23 мая Николай Степанович был в Доме искусств на вечере «Сегодня» со своей женой. Пришли как маститые писатели — А. Ремизов, К. Чуковский, так и молодежь — Л. Луни, М. Зощенко и другие. Всего собралось около ста пятидесяти человек. В этот же день Гумилёв познакомил Чуковского с Анной. Тому она явно не понравилась, о чем Корней Иванович и записал в дневнике: «…его жена Анна Николаевна, урожд. Энгельгардт, дочь того забавного нововременского историка литературы, к-рый прославился своими плагиатами. Гумилёв обращается с ней деспотически. Молодую хорошенькую жену отправил с ребенком в Бежецк — в заключение, а сам здесь процветал и блаженствовал. Она там зачахла, поблекла, он выписал ее сюда и приказал ей отдать девочку в приют в Парголово. Она — из безотчетного страха перед ним — подчинилась…»

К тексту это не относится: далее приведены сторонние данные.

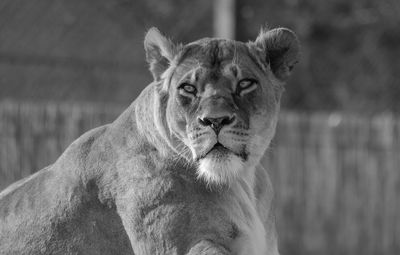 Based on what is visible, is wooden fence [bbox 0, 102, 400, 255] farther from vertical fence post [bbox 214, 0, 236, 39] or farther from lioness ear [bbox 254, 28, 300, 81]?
lioness ear [bbox 254, 28, 300, 81]

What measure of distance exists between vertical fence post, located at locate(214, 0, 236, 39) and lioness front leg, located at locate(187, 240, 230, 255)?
492 cm

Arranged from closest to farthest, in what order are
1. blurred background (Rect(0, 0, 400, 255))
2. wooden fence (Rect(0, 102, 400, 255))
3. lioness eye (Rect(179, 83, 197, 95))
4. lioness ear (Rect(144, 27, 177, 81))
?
lioness eye (Rect(179, 83, 197, 95)) < lioness ear (Rect(144, 27, 177, 81)) < blurred background (Rect(0, 0, 400, 255)) < wooden fence (Rect(0, 102, 400, 255))

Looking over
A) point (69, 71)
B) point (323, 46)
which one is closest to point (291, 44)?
point (69, 71)

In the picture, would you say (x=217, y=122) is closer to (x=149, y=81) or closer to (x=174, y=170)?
(x=174, y=170)

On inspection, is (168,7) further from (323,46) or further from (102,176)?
(102,176)

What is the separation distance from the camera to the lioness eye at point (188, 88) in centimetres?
379

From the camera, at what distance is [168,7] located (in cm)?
Answer: 1323

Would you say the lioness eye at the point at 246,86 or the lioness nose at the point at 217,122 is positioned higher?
the lioness eye at the point at 246,86

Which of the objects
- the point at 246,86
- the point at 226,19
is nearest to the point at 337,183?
the point at 226,19

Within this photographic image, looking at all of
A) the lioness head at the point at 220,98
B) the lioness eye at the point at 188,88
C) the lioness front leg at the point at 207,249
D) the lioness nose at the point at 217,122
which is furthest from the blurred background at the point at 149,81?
the lioness front leg at the point at 207,249

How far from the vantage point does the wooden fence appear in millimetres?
8969

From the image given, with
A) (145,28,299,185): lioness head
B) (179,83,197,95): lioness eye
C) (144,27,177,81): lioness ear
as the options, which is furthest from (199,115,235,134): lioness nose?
(144,27,177,81): lioness ear

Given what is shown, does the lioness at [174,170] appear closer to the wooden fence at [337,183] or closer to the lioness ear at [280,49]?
the lioness ear at [280,49]

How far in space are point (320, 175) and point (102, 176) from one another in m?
5.37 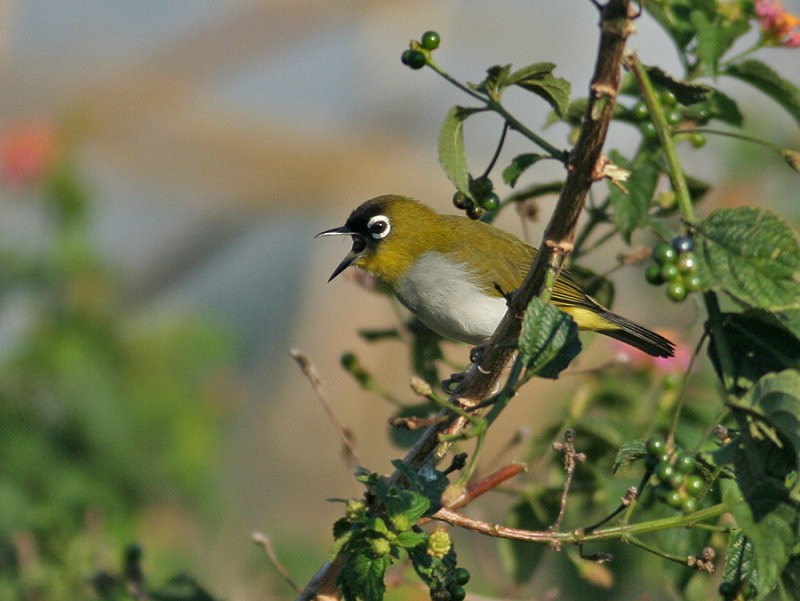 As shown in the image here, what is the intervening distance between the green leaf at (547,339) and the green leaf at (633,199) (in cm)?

Конечно, это преувеличение. Поэт просто не знал, что ему еще предпринять, чтобы как-то свести концы с концами: нужно было не только кормить жену и дочь, но и помогать сыну и матери. А книги не выходили. И тут Гумилёву поспособствовала судьба. Во второй половине мая Осип Мандельштам познакомил его с Владимиром Александровичем Павловым, занимавшим должность флаг-секретаря при командующем морскими силами адмирале А. В. Немитце. Павлову исполнился двадцать один год, он был морским офицером из известного рода моряков, писал стихи и Николаю Степановичу понравился. Гумилёв даже приглашал несколько раз молодого поэта в гости. И вот в конце мая Павлов делает Гумилёву предложение, от которого тот не смог отказаться. (В эмиграции потом многие мемуаристы намекали, что Павлова специально подослали к Гумилёву, чтобы собрать на него компромат.) Однако в деле поэта, во всяком случае в предоставленных исследователям творчества Гумилёва материалах, ничего о нем не говорится.

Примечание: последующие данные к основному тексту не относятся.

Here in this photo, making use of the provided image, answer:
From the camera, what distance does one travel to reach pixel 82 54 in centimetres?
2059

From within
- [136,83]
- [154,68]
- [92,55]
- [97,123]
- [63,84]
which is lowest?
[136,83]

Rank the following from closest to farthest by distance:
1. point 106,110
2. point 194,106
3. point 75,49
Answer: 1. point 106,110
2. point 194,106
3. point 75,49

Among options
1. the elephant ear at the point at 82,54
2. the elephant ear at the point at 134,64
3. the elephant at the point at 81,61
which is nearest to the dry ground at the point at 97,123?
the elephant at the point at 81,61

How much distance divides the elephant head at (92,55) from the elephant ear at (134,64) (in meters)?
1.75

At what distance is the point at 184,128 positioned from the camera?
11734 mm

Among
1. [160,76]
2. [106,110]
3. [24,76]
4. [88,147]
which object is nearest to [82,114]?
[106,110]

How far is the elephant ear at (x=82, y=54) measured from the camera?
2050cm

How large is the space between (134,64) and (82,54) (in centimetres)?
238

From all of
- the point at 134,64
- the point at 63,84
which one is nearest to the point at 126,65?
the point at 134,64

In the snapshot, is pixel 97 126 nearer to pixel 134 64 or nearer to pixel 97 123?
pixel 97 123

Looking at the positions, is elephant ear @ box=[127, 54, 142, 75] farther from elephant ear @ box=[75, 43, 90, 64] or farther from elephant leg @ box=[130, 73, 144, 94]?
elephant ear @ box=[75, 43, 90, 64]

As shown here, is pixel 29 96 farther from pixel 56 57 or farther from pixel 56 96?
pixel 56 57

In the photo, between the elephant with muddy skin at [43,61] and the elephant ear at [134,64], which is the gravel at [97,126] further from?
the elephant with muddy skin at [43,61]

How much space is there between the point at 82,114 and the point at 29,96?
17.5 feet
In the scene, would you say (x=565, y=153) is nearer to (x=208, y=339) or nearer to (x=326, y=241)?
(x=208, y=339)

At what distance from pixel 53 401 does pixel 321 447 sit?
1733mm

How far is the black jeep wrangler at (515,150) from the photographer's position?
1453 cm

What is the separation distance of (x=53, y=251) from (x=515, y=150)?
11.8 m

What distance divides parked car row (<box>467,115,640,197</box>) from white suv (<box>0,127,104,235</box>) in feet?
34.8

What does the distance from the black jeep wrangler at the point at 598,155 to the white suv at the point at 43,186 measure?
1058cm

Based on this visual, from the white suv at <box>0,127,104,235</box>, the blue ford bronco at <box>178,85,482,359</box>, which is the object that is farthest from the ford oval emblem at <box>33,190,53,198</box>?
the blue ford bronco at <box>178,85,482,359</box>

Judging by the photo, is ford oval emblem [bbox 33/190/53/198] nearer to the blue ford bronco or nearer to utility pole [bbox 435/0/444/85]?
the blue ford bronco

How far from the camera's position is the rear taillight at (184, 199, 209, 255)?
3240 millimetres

По предложению Владимира Александровича Павлова, 30 мая Николай Степанович Гумилёв в поезде адмирала Немитца отправился в Севастополь. Лишенный возможности странствовать по свету, как в былые времена, поэт рад был малейшей возможности отправиться хоть в какое-то путешествие. К тому же он таил смутную надежду, что на юге сможет издать кое-что из своих рукописей, поэтому взял с собой, по всей видимости, отредактированный вариант книги «Шатер».

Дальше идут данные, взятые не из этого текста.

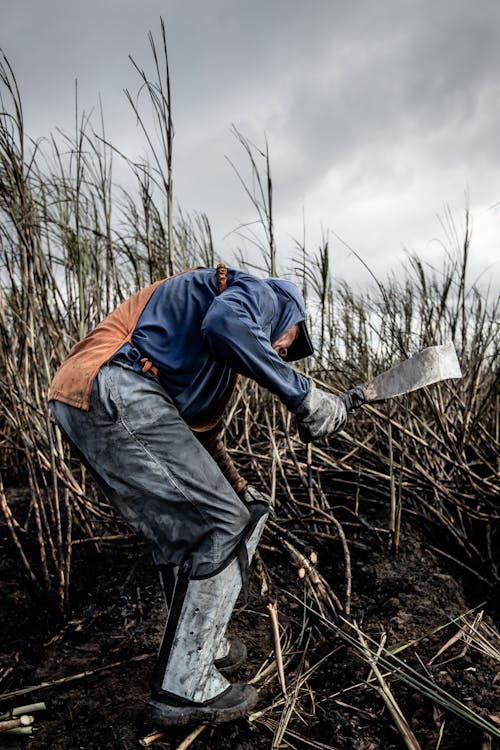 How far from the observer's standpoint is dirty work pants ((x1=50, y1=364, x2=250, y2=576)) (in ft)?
4.66

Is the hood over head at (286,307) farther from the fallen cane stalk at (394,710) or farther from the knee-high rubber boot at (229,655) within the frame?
the fallen cane stalk at (394,710)

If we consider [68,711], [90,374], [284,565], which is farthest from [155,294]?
[284,565]

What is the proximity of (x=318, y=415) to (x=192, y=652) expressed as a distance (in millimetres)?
690

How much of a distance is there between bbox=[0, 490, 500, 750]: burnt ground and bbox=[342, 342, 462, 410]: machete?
0.79 metres

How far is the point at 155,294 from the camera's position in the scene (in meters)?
1.56

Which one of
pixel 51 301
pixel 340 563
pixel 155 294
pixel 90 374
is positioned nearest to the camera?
pixel 90 374

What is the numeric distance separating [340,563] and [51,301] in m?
1.53

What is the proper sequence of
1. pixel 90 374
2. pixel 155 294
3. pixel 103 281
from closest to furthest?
pixel 90 374, pixel 155 294, pixel 103 281

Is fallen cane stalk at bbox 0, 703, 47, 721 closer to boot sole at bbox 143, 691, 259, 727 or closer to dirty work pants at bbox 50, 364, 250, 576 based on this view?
boot sole at bbox 143, 691, 259, 727

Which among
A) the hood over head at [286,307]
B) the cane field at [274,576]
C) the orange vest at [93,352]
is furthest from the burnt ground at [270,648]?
the hood over head at [286,307]

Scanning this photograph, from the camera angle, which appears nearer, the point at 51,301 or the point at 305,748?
the point at 305,748

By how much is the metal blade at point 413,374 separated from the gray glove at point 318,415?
0.61ft

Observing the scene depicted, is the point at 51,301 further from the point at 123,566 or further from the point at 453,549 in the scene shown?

Незадолго до отъезда, 26 мая Николай Степанович вновь наносит визит Надежде Залшупиной и на этот раз дарит ей книгу У. Б. Йетса (с которым встречался в Англии). Надпись на книге гласила: «По этому экземпляру я переводил Графиню Кэтлин, думая лишь о той, кому принадлежала эта книга». Под автографом Николай Степанович нарисовал пальму, крокодила и солнце. Надежда Залшупина, по всей видимости, взяла у поэта и перевод пьесы, осуществленный Гумилёвым, но, к сожалению, текст был утерян. В этот же день Гумилёв вписал экспромт в альбом Надежды:

    Надежда
Александровна,
     Она,
     Как прежде
Саламандра [86], мне
     Дана.

Н. Гумилёв.

В условиях, когда «Всемирная литература», по сути дела, прекратила свою работу из-за отсутствия бумаги, поэт надеялся на частные издательства, с помощью которых рассчитывал поправить свои дела, передав им права на издания рукописей.

В Севастополе Гумилёв разыскал мать Анны Андреевны, и та сообщила ему печальную новость — его друг Андрей Горенко в эмиграции покончил жизнь самоубийством. Конечно, Инна Эразмовна, узнав о разводе Анны и Николая, опечалилась. Николай Степанович, чтобы ее успокоить, уверял, что Аня вышла замуж за «замечательного человека и теперь живет счастливо».

вернуться

85

Гум — Гумилёв, Егорка — Георгий Иванов, Пентегью — Ирина Одоевцева.

вернуться

86

«Саламандра» — страховое общество, действовавшее в России до октябрьского переворота.